Here are just a few highlights from Hawken himself. It’s clear looking at these numbers that, compared to business as usual, these solutions make as much economic sense as they do climate sense. Plus, there’s an incredible diversity of solutions available to us:
- High speed rail, a solution currently dominated by Japan, could offer significant emissions reductions as well as $368.1 billion in savings compared to business as usual.
- Indigenous land management. “Nobody’s better at protecting forests than those people who are the original inhabitants,” Hawken said. Letting indigenous people manage their own land could remove 6.19 gigatons of CO2 equivalent and protect another 849.3 gigatons from being added to the atmosphere.
- Improved rice production. Farming rice in a slightly different way can drastically reduce the amount of methane it produces. This is a no-cost solution: it simply requires farmers sharing a new technique with each other.
- Wind turbines (onshore). This solution is ranked second in Project Drawdown, with the ability to reduce 84.6 gigatons of CO2 equivalent and offer net savings of $7.43 billion by 2050.
- Plant-rich diet. Forget the labels of vegetarian or vegan, Hawken said. If people in rich countries just adjusted their animal protein intake down to about 50 or 60 grams per day, it could reduce 66.11 gigatons of CO2 equivalent.
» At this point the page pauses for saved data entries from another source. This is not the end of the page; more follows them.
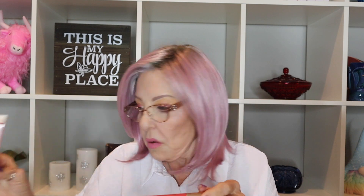Next is a Clear Brow Gel, which I don't have brows — they're tattooed on — so I don't use that. Then we have Tinted Love Lip and Cheek Tint. Let's see what that looks like. Ooh, that's really dark — not too dark — and it blends out. I've never tried that.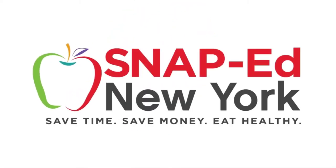This is a SNAP-Ed New York video presentation. Hi everybody, I'm Wanda Callens, your SNAP-Ed nutritionist.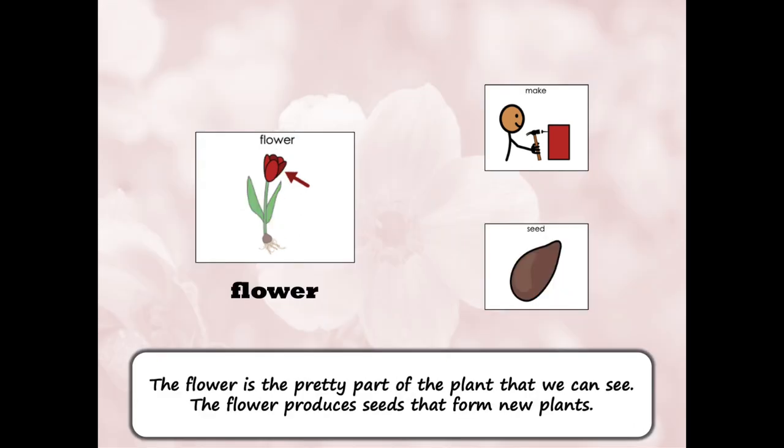The flower is the pretty part of the plant that we can see. The flower produces seeds that form new plants.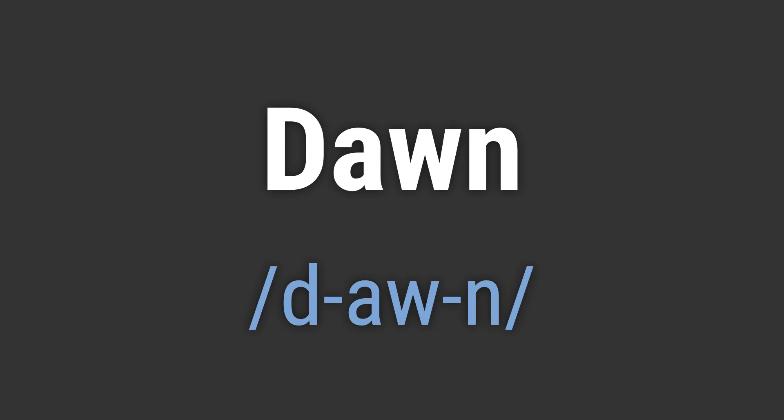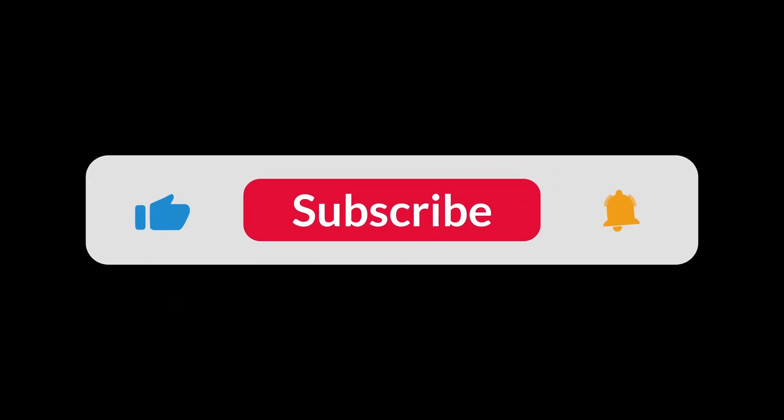Like, 'Hello Dawn.' 'Goodbye Dawn.' If you found the video helpful, hit the like button and subscribe for more on commonly mispronounced words. Thanks for your support.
- Educating girls and family planning are ranked the sixth and seventh solutions, but combined, they’re the number one most effective solution for reducing global warming. An educated woman has an average of two children and is better off economically than a woman who is pulled out of school early.
Within their top 100 solutions, Project Drawdown also identified around 20 “coming attractions,” as Hawken called them. “These are solutions that are scientifically valid, they’re working, but there is no data to model them,” such as marine permaculture and building with wood, rather than concrete or steel. The team included these in Project Drawdown to show just how many solutions are actually at hand and how many more are coming. “Humanity is on the case,” Hawken said. “We’re not resigned and stupid—we’re not asleep at the wheel.”
Every solution is important
“We tend to ask about ‘What’s the number one thing we can do?’ The number one thing we can do is everything!” Hawken said. “There’s no such thing as a small solution. There’s no such thing as a small organ in your body—it all goes together.”
As we scale these solutions over the next 30 years, Hawken is hopeful we can achieve the point of “drawdown,” where emissions peak and then, year after year, decline. And where does a carbon price fit in with all these other solutions? It would speed up the pace of every single one of them.